Палеонтолог деловито осмотрел склон над пещерой, заметил длинные вертикальные трещины, рассекавшие гнейсовые глыбы. Обрушить этот каменный занавес — пустяки!

Ученый начал спускаться к берегу, где расположились на ночлег его спутники, но передумал и вернулся в пещеру. Там он определил угол, под которым падал на поверхность известкового слоя свет его лампы, и взял по компасу направление. Отлично!
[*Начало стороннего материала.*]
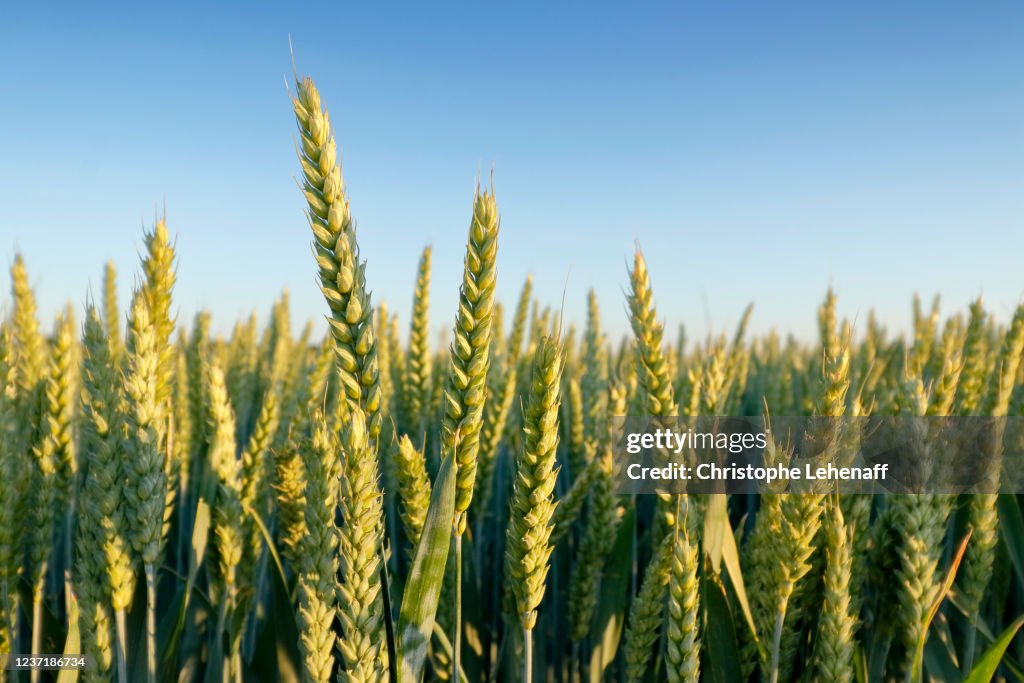 Close up of a wheat ear in Seine et Marne, France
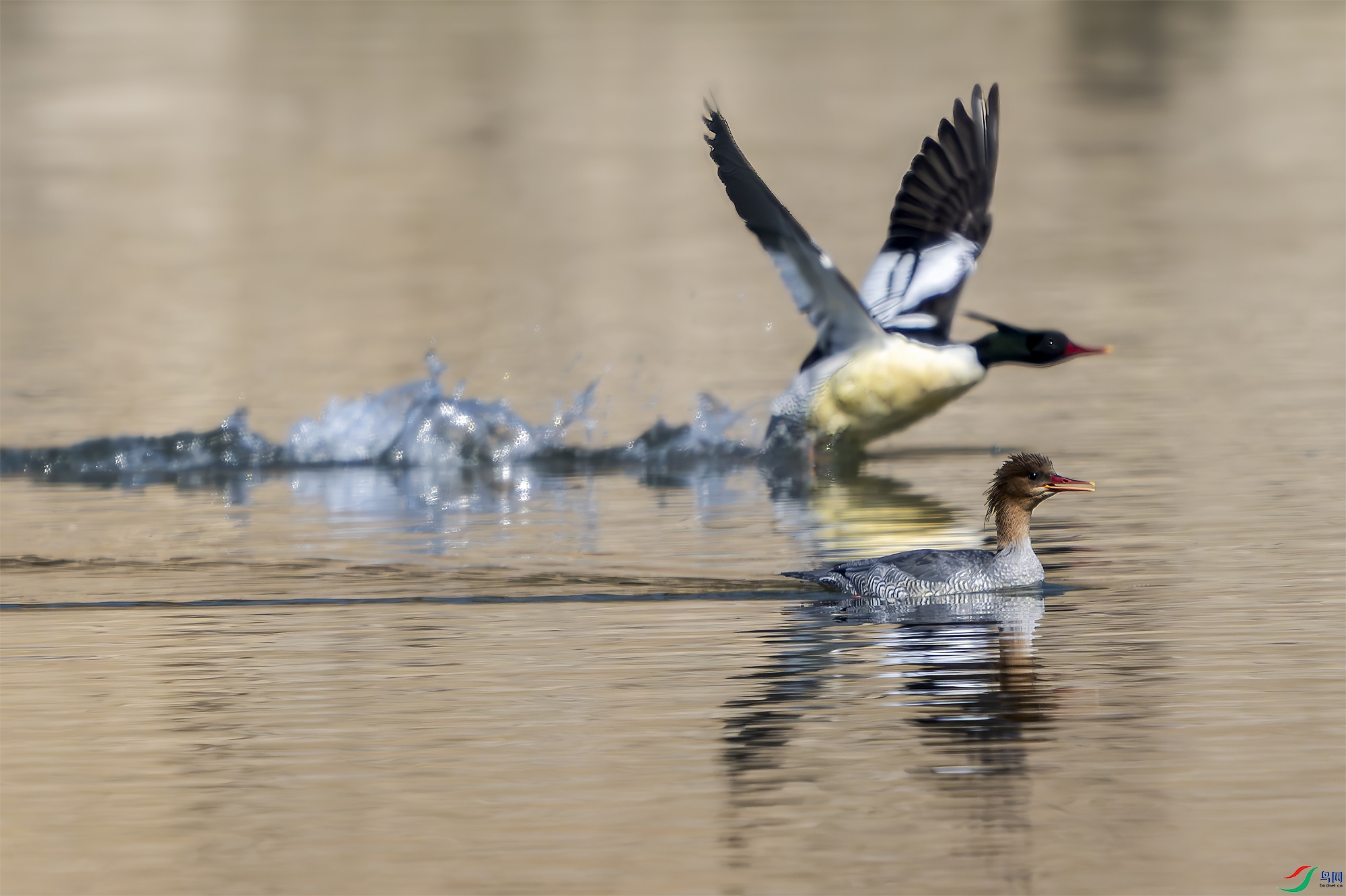 _DSC6309 ���� 2.jpg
Солнце будет тут между двумя и тремя часами. Можно успеть выспаться как следует, а то глаза так устали, что и при солнце он ничего не увидит. Хорошо, что утро обещало погожий день!

Как только рассеялась пыль от взрыва, Никитин стал поспешно устанавливать аппарат, балансируя на грудах каменных осколков. Гладкая зеленоватая стена, не поврежденная взрывом, влажно отблескивала в ярком дневном свете.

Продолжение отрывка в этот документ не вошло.